Anche la sfida alla natura moderata dell’Islam in Indonesia diventa sempre più forte. Gli attacchi violenti di un gruppo religioso contro un altro sono continui, mentre la polizia è incapace di far rispettare la legge e non esercita la responsabilità di proteggere i cittadini. La cosa peggiore, come teme il capo del Muhammadiyah, Din Syamsuddin, è che l’Indonesia è ancora minacciata i tensioni e conflitti inter-religiosi.
Secondo Din infatti, uno dei problemi più grossi è proprio l’uso della violenza in nome della religione. Le ripetute richieste dei leader religiosi moderati musulmani affinché la polizia agisca in modo fermo nell’applicazione della legge sono rimaste inascoltate.
Il governo deve tener conto di questi problemi in modo serio e cominciare a formulare una politica coerente per affrontarli, come deve anche fare delle cose buone per le promesse di lotta alla corruzione, e muoversi velocemente per ripulire la giustizia e il sistema di applicazione della legge. Per iniziare il governo deve spingere la polizia ad essere più aperta e trasparente riguardo ai rapporti sulla finanza personale sospetta di alcuni ufficiali di alto rango della polizia. Poi deve incrementare gli sforzi per riformare il settore della giustizia.

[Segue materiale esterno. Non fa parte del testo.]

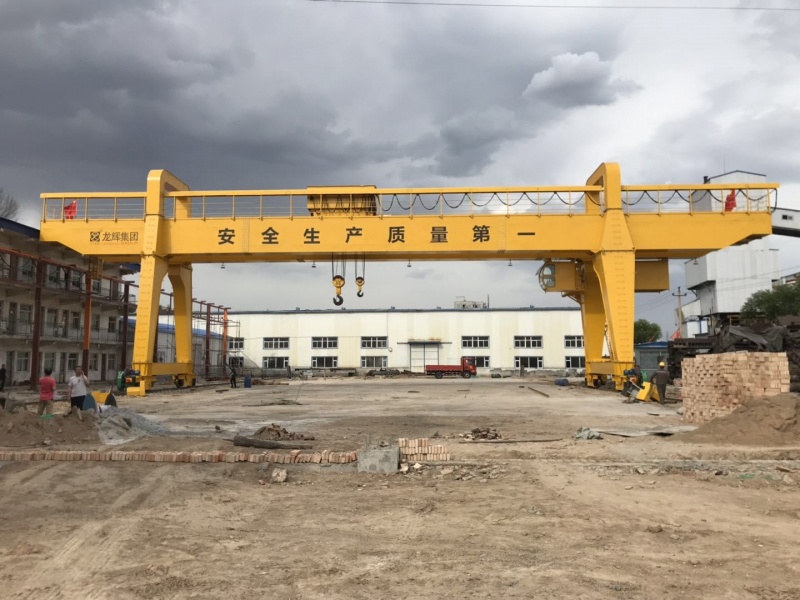 双主梁门式起重机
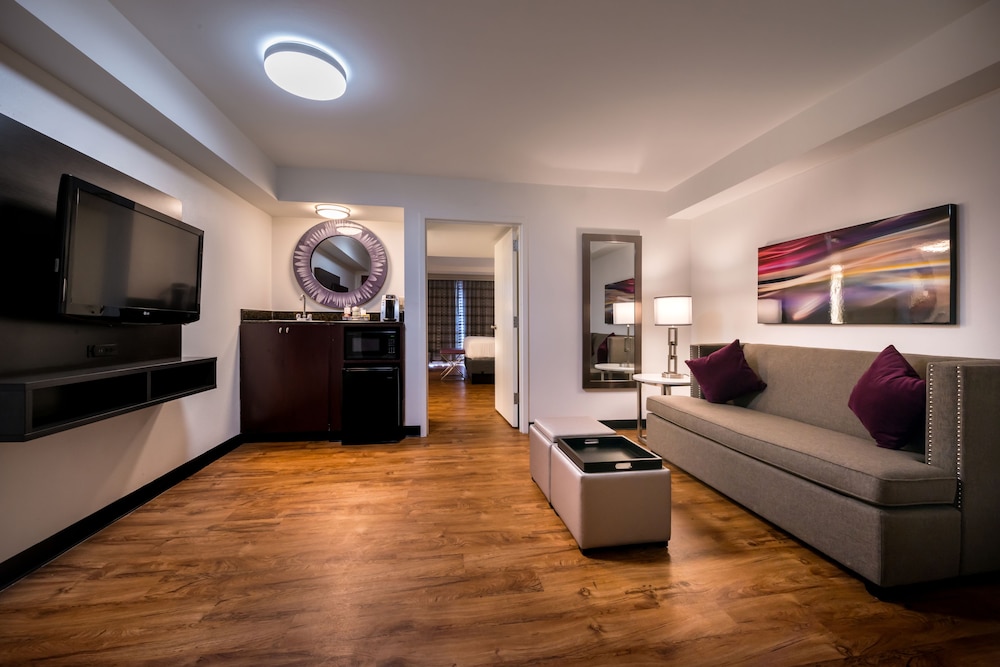 Holiday Inn Hotel & Suites Beaumont Plaza an IHG Hotel - photo 4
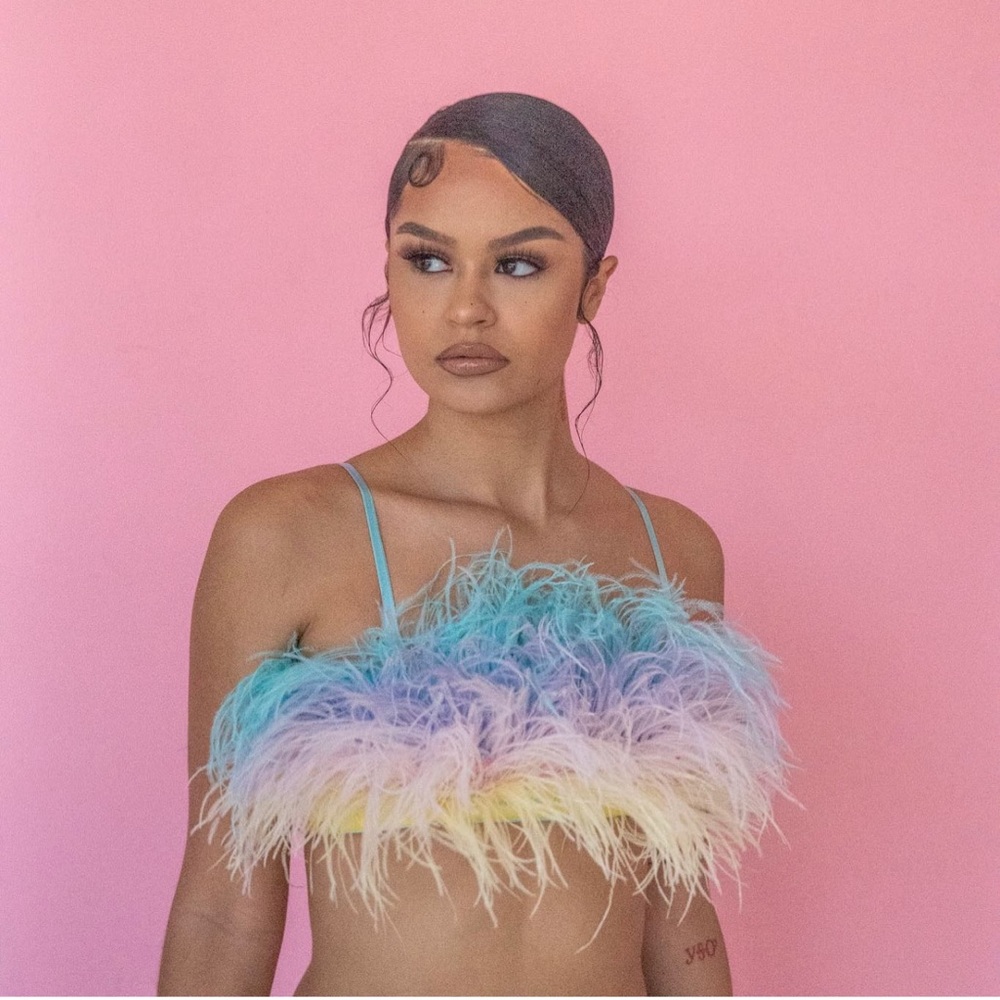 Feather Top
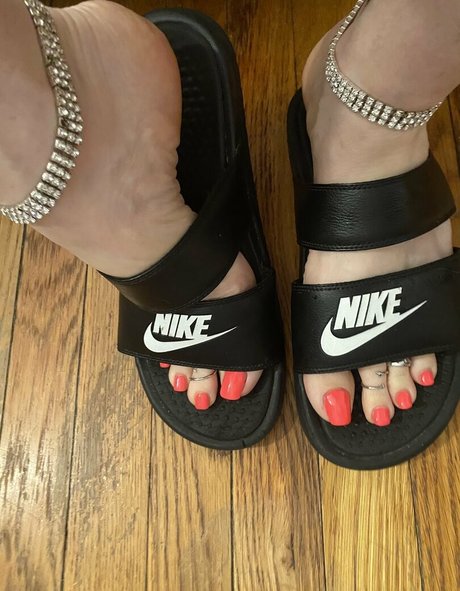 Goddess Fendi Nacktbilder OnlyFans Leak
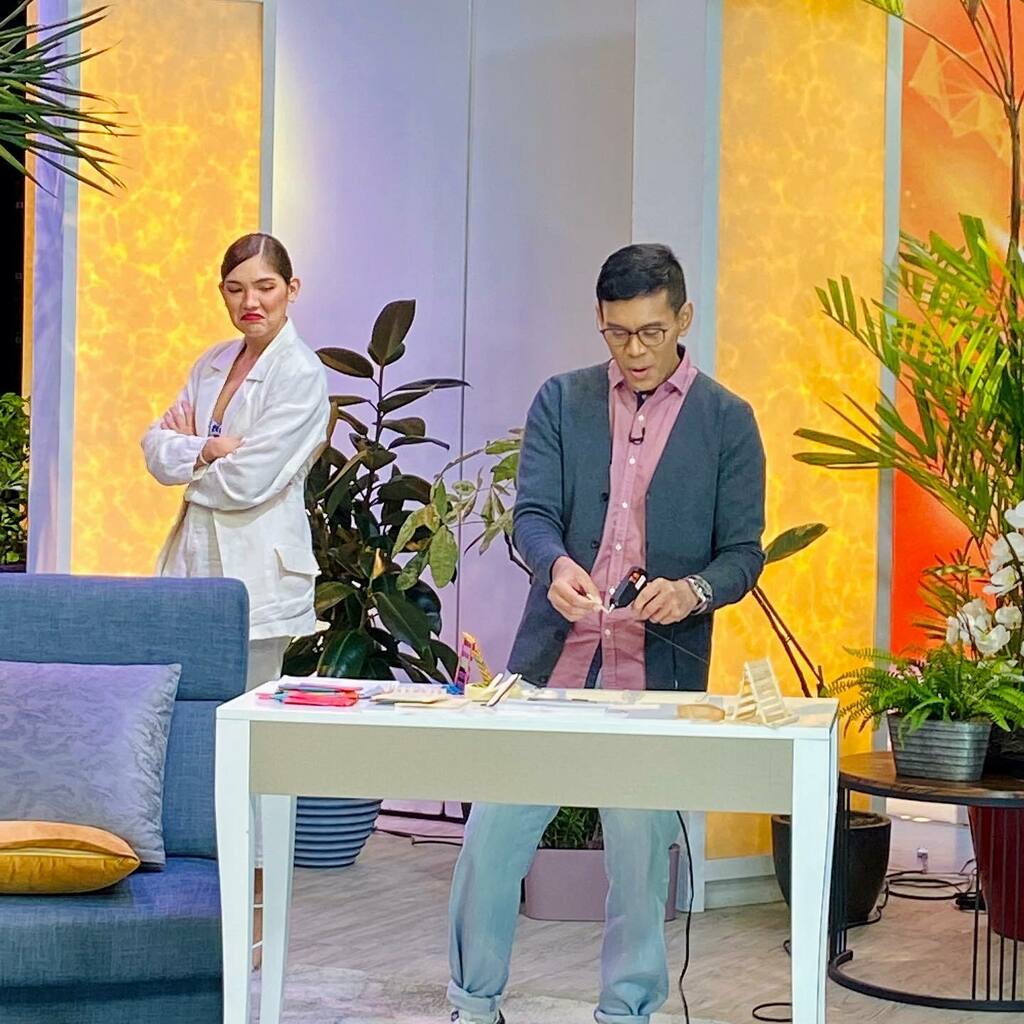 NET25TV's tweet photo. #ToniTips with @kuyatonipet ft. @mauemily 😅😄
Phone stand using popsicle sticks 🎨📱Madali lang at pwedeng pwede gamitin sa online class ng mga bagets!
Watch Kada Umaga full episode on our official Facebook page and YouTube channel
#KadaUmaga #ToniT… https://t.co/HbxlKn9YAS https://t.co/dTqe4LWUbd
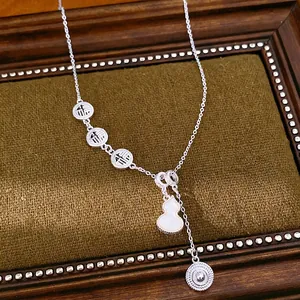 Collier plaqué or 18 carats avec pendentif gourde et maillons ajourés aux motifs Fu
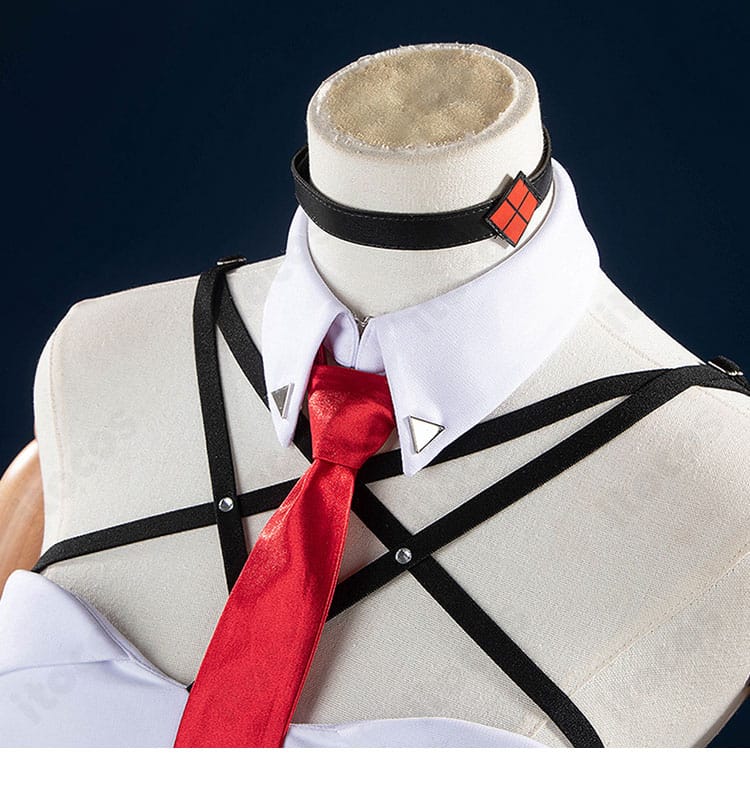 ネックレスとネクタイの装飾ディテール。胸元を華やかに見せる金具とパーツ構成。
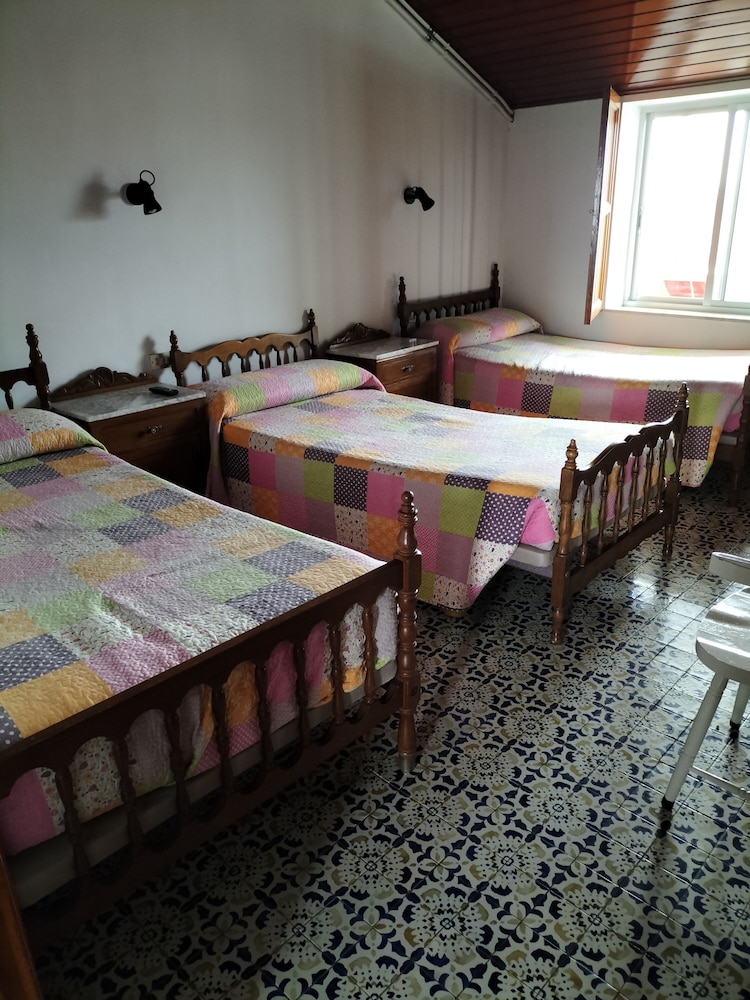 albergue turistico silleda hostel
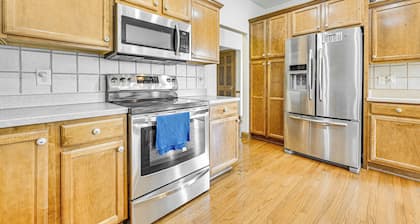 Pet-friendly Johnston Getaway w/ Deck & Yard!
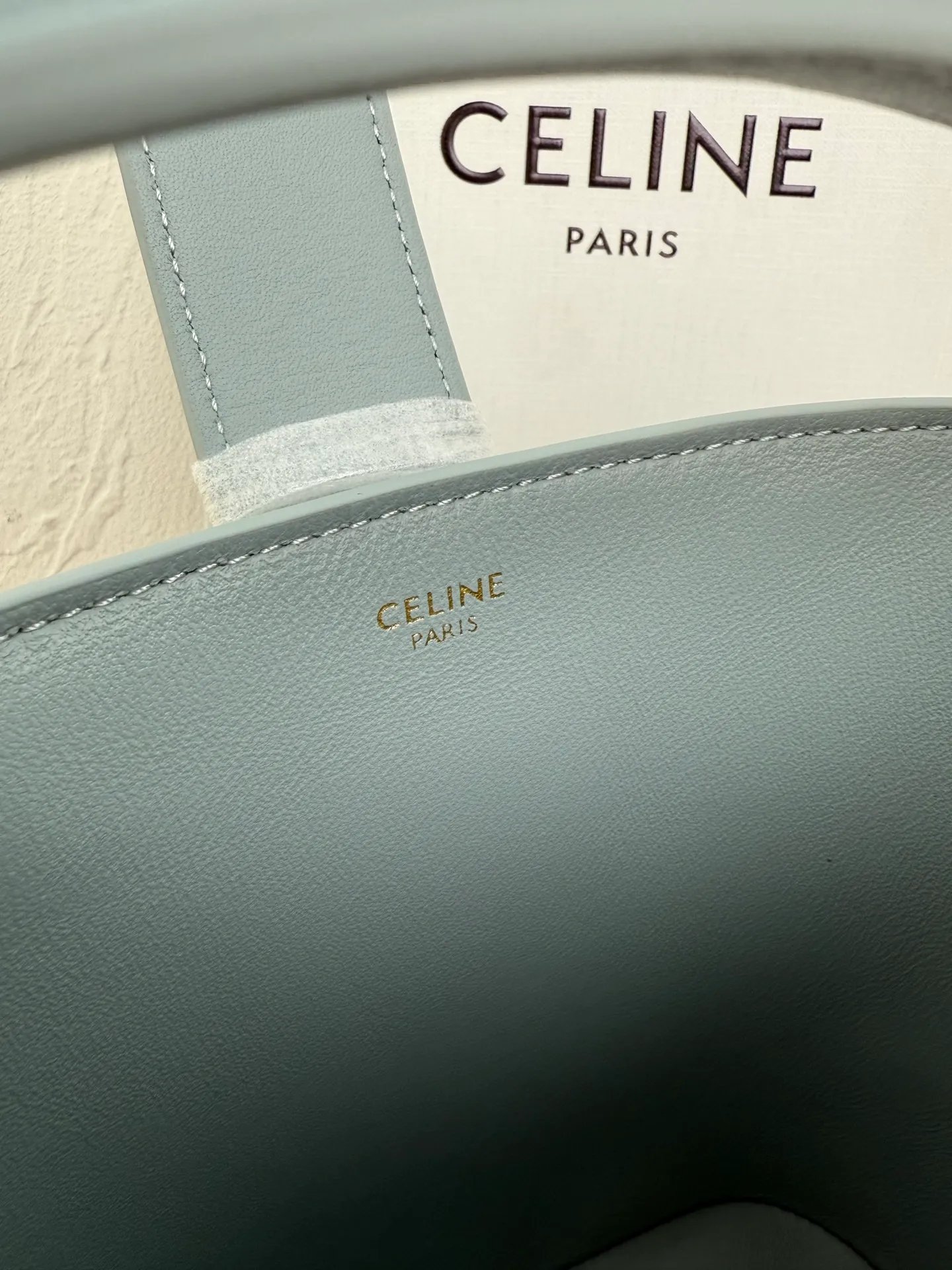 p1400 mini handbag, this model can hold larger smartphone models such as PLUS 5 X 6 X 4 inches (13.5 1 detachable and adjustable shoulder strap, minimum length 17 inches (44 cm), maximum length 23 inches (59 cm) Number: 10N473GHJ.38NO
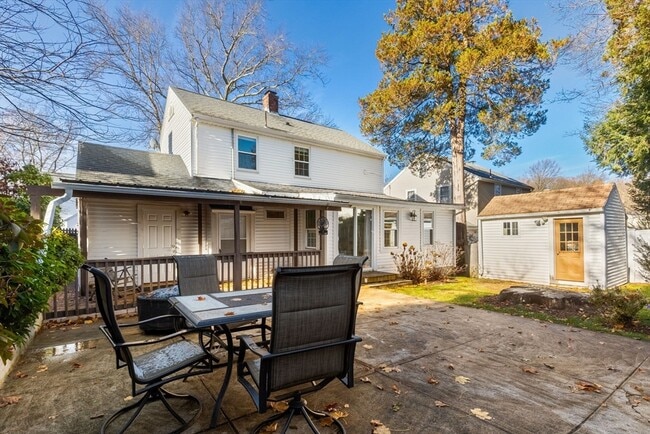 Building Photo - 20 Brae Rd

Più importante ancora, il governo ha bisogno di comprendere che questi problemi, benché possano sembrare di natura interna, hanno delle implicazioni che potrebbero andare ben oltre i nostri confini. Molti indonesiani, specialmente nel ministero degli esteri, nei circoli moderati musulmani e nei gruppi democratici della società civile, hanno lavorato duro per la statura e l’immagine dell’Indonesia negli occhi della comunità internazionale dal 1998. Il governo non dovrebbe dimenticare che sono la democrazia e l’Islam moderato a dare all’Indonesia il rispetto che riceve dalla comunità internazionale.
Ora quell’immagine internazionale della nazione è in gioco. Non dobbiamo lasciarcela scappare. Non dobbiamo permettere che le nostre conquiste democratiche siano minate da piccole forze antiriforma, sia dentro che fuori il governo. Se non riusciamo ad affrontare queste sfide alla nostra democrazia e alla vera natura di una nazione musulmana moderata, sicuramente ritorneremo nello stato di paria nel consesso delle nazioni.
Il resto del mondo, specialmente nell’Asia dell’Est sta marciando verso un progresso tecnologico ed economico in questo ventunesimo secolo. L’Indonesia se non riesce ad affrontare e risolvere i problemi della corruzione e dell’intolleranza religiosa interna, rimarrà di certo indietro. S non cominciamo ad affrontare questi problemi seriamente saremo di certo sul lato sbagliato della storia, relegandoci così nel bidone della spazzatura della storia.